Tom Lane wrote:
Richard Huxton <dev@archonet.com> writes:

There are two things (AFAICT) you need to be able to do to update (NOTE - not insert) a view.
1. Identify the underlying table(s) for the updated column(s)
2. Identify (primary) key values for the table(s) being updated.
So - I could have a join listing users and how many email aliases they have (so sum()) and still update their name, so long as the key for the users table was present in the view.


No; you'd also have to have some guarantee that a given underlying table
row gives rise to at most one join row.  If the same table row gives
rise to multiple join rows, then a request specifying an UPDATE of just
one of those join rows can't be satisfied.
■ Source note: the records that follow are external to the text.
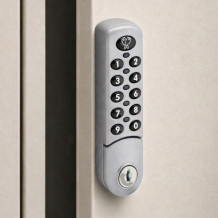 #12 ELECTRO – Elektronický zámok do kovových skríň so systémom na centrálny kľúč#12 ELECTRO – Elektronický zámok do kovových skríň so systémom na centrálny kľúč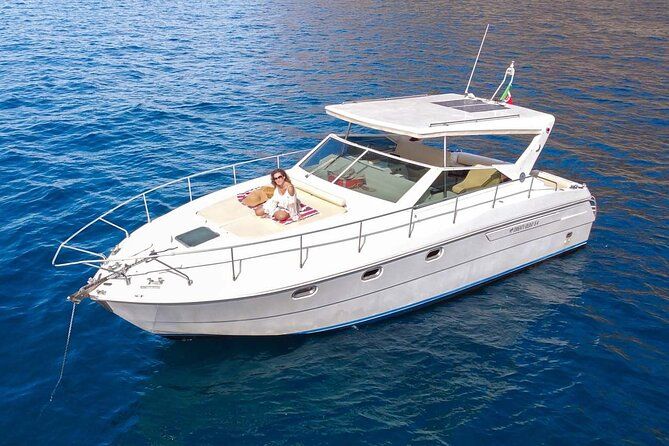 Private boat tour to Capri departing from Sorrento
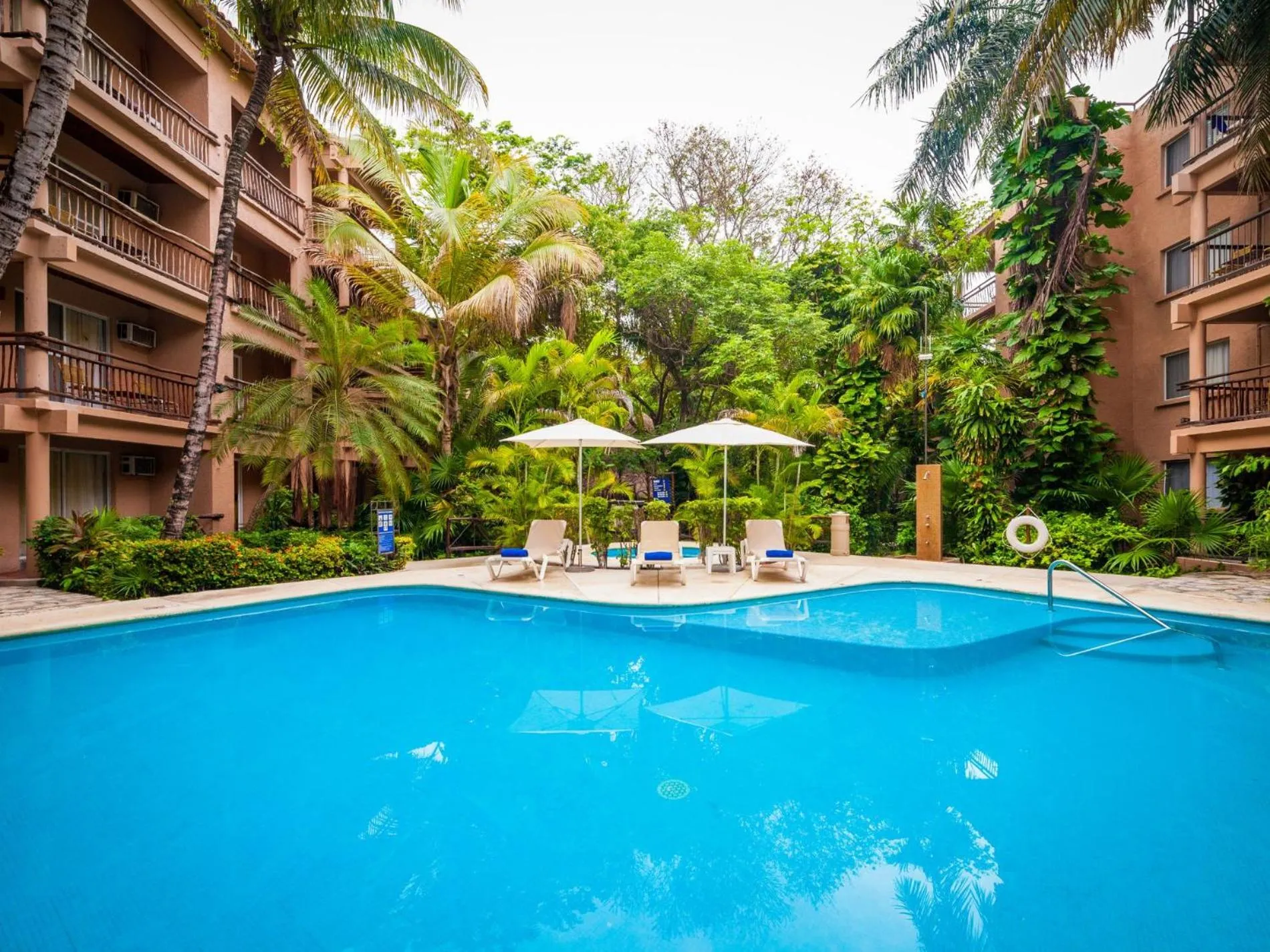 Swimming pool in Tukan Hotel Playa del Carmen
But you can't specify an update of a single row, only those where certain values match. Say you have a view "user_email_vw" with the following columns (from obvious tables):
user_email_vw: u_id, u_name, e_id, e_address


Updating the view "WHERE u_id=123" may well update more than one row (where a user has multiple emails), but that's exactly equivalent to updating the user-table "WHERE u_name = 'John Smith'". In the view (u_id) is not a key any more.

If you have a many-many relationship, (say worker<=>department) then again you may update multiple rows in the view ("WHERE dept_id=123"), but so what - that's what you asked to do.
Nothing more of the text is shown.